Made by Catalans in Catalan for local TV, this film is an exercise in gentle self-mockery. A story about dull, ordinary people might just have resulted in a dull ordinary film, but Folch introduces an element of frantic comic excitement in the form of fanatical Barca fan Terrades who lives across the corridor from Ramon. The scene where he is sitting sharing a meal with his double from the future is masterfully scripted. If only all Sci-Fi were this playful.

Terrades doesn't quite steal the show though - Folch turns Ramon's sheer ordinariness into the best gag of the film. Andros has said he can't tell Ramon what it is he must do to save the world until five minutes before he is due to do it because of the danger of introducing "other variables". In the end it turns out that all Ramon has to do is not buy a packet of eucalyptus lozenges at the news stand, something that he otherwise does every day of his uneventful life. In the hilarious scene that follows Ramon despairs that Andros has picked him precisely because he would be the last person to ever change the course of world events, but eventually summons his determination and strides towards the news stand wearing Neo-style black sunglasses. The parody is completed when the camera spins 360 degrees around him when he stretches out his hand for the newspaper.

Raj commented afterwards that Folch had cleverly used the town square as a stage for the locating the characters and the drama. Wherever you look in this low-budget gem there's something to admire. There's a fifth main character, a pretty girl at the news stand called Monica. She is familiar and benevolent with all the weird and wonderful inhabitants of the square - that straightforward openness of the Iberian woman.

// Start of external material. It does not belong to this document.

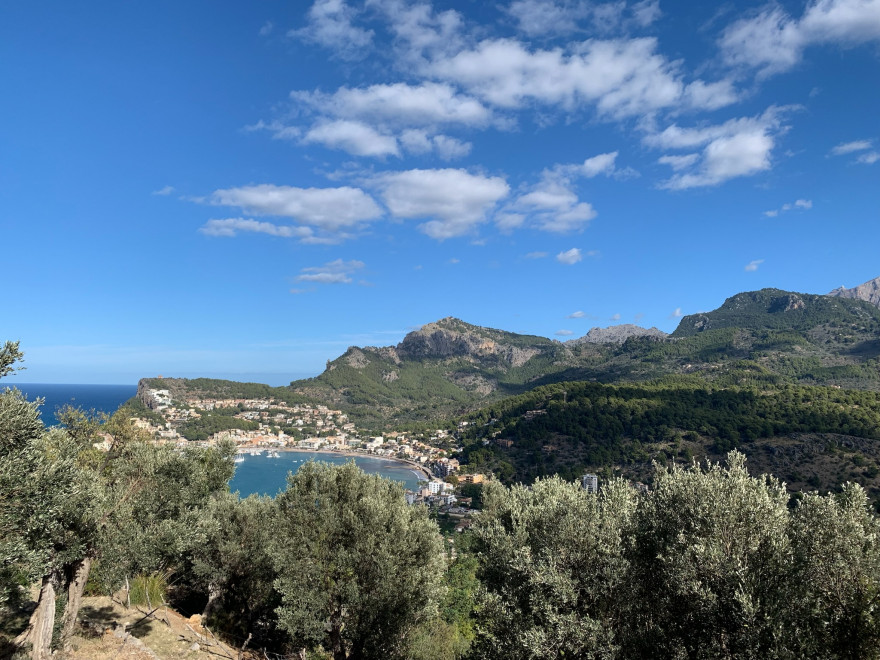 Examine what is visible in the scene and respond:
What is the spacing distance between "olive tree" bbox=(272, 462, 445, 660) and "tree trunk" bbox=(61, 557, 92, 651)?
5380 millimetres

In one scene we see her away from her place of work she has apparently picked up Andros and led him towards her apartment. He gallantly explains that he might not be around for much longer and she retorts coquetishly "Yo solo busco un buen polvo" ('I'm only after a good shag'). Andros is of course taken aback at her forwardness. That Folch has taken the time to fashion a minor character into a living emblem for an urban culture that is open, kind and vivacious yet at the same time unashamedly hedonistic, is a mark of the care and craft that went into making this great little film.

Well-deserved applause for the director at the end.